**AIM OF THE EXERCISE**. Copy out the full data exactly as given; pictures should not be included.

**DATA EXTRACT**.

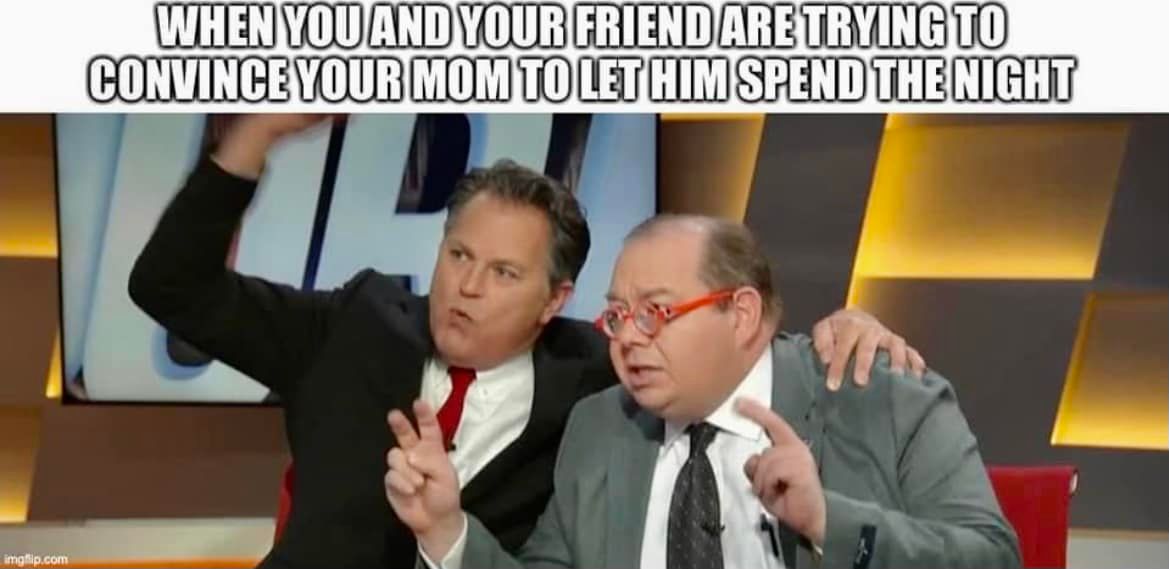 lawyerschiff's tweet photo. I don't have any reason to #dispute that, Mom.
#EveryoneNow #Forever
#MurdaughTrial #Jash @jackrice
Meme by @itsadriienne π» https://t.co/OhA7kd9drA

**FINISHED EXERCISE**.
 lawyerschiff's tweet photo. I don't have any reason to #dispute that, Mom.
#EveryoneNow #Forever
#MurdaughTrial #Jash @jackrice
Meme by @itsadriienne π» https://t.co/OhA7kd9drA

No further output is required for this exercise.